Alcuni riferimenti bibliografici:

  1. Bernardini M. Il ruolo del medico competente nella promozione della salute. Atti del Convegno “La promozione della salute nei luoghi di lavoro. Il ruolo del medico competente”. Modena, 24 Maggio 2013.
  2. De Lorenzo G, Chirico F, Sacco A, Magnavita N. Prevenzione, promozione e personalizzazione. In Medicina del Lavoro pratica di N. Magnavita. Milano: Wolters Kluwer Italia; 2018.
  3. Magnavita N. Obstacles and future prospects. Considerations on health promotion activities for older workers in Europe. Int J Environ Res Public Health. 2018 May 28;15(6). pii: E1096. doi: 10.3390/ijerph15061096.
  4. Magnavita N. Promuovere la salute dei lavoratori anziani. Le esperienze europee. Milano: Edizioni FS; 2018.
  5. Magnavita N., De Lorenzo G., Sacco A.: Health promotion in the workplace. Med Lav. 2014;105(6):473-474.
  6. Magnavita N. Workplace action for health. Prevention of obesity and hyperlipaemia in a small company. In Proceedings of the International Conference “Work & Health”, Copenhagen, Denmark, 22–25 February 1993.
  7. Health Promotion Glossary. WHO. WHO/HPR/HEP/98.1. Geneva 1998.
  8. Ottawa Charter for Health Promotion. WHO, Geneva, 1986.
  9. Sacco A. Guida all’attività del medico competente. Roma: Epc Editore; 2012 p.64.

Cosa significa essere a norma oggi con i migliori standard sulla salute e la sicurezza nei luoghi di lavoro?

Le attività di promozione della salute renderanno più efficaci la prevenzione dei rischi lavorativi in azienda.

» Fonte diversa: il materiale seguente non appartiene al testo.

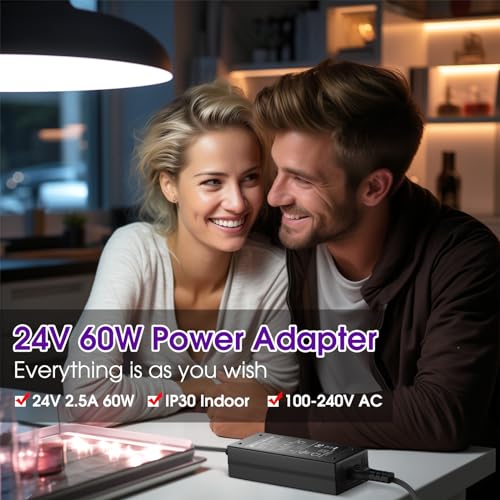 HitLights 24V Power Supply, 2.5A 60W Adapter Transformer UL Listed, 100V-240V AC to 24V DC Converter with 5.5 x 2.1mm DC Plug ＆ AC Cord for LED Strip Lights and Other Low Voltage Devices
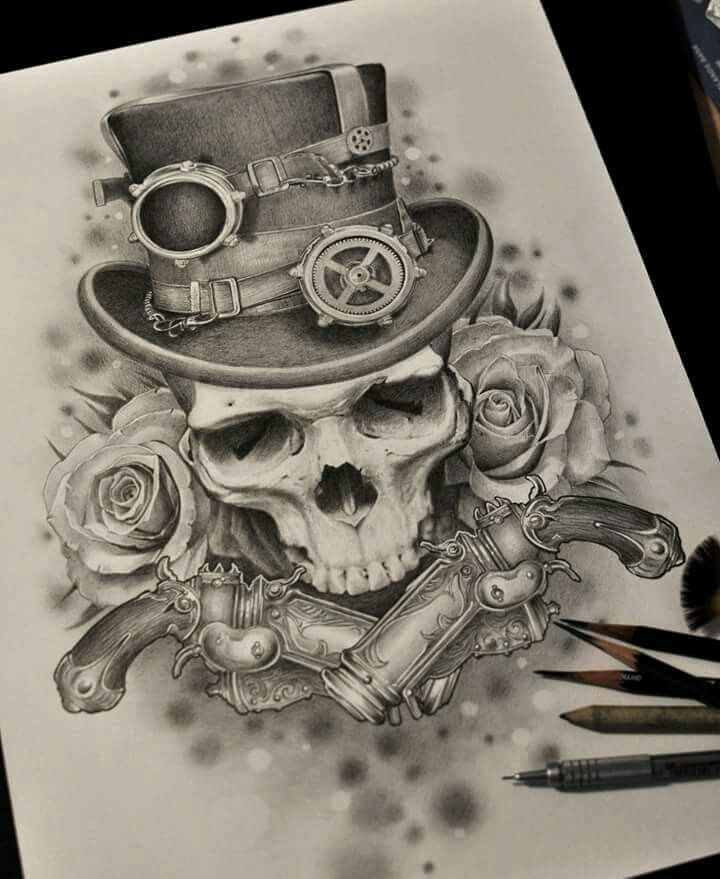 Art by Goran Furjan Tattoo Crane, Steampunk Drawing, Steampunk Tattoo, Skull Sketch, Roses Tattoo, Geniale Tattoos, Skull Tattoo Design, Symbol Tattoos, Skull Artwork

Per realizzare un sistema di gestione per la salute e la sicurezza aziendale secondo la normativa UNI EN ISO 45001, il datore di lavoro deve prima di tutto attuare le migliori misure di prevenzione e protezione scegliendole sulla base dell’esperienza, della particolarità del lavoro e dell’avanzamento tecnologico. Tuttavia, in un sistema di gestione, l’efficacia delle misure di prevenzione deve essere verificata sulla base del ciclo di Deming “Plan-Check-Do-Act”. Per implementare le misure di prevenzione e migliorare i livelli di salute e di sicurezza dei lavoratori, l’azienda può fornire ai lavoratori programmi (gratuiti e volontari) di promozione della salute, nel rispetto dei principi della responsabilità sociale, come previsto dal D.Lgs 81/08, che siano finalizzati a migliorare i livelli di salute e di benessere dei lavoratori.

La norma ISO 45003:2021, Gestione della Salute e della Sicurezza sul Lavoro — Salute Psicologica e Sicurezza sul Luogo di Lavoro — Orientamenti per la Gestione dei Rischi Psicosociali, rilasciata l’8 giugno 2021, richiede una valutazione del rischio psicosociale che non sia limitata solo alla valutazione dello stress lavoro correlato, ma che comprenda TUTTI i fattori di rischio psicosociale in ambito lavorativo, come per esempio il rischio di aggressioni e di violenza lavorativa, l’analisi dei fattori di disagio che possono portare al burnout e gli eventi lavorativi che possono determinare un disturbo post-traumatico da stress.

La realizzazione di programmi di promozione della salute che impattino sul rischio psicosociale ed ergonomico, renderà più semplice realizzare misure di prevenzione e protezione efficaci per TUTTI i rischi di natura psicosociale.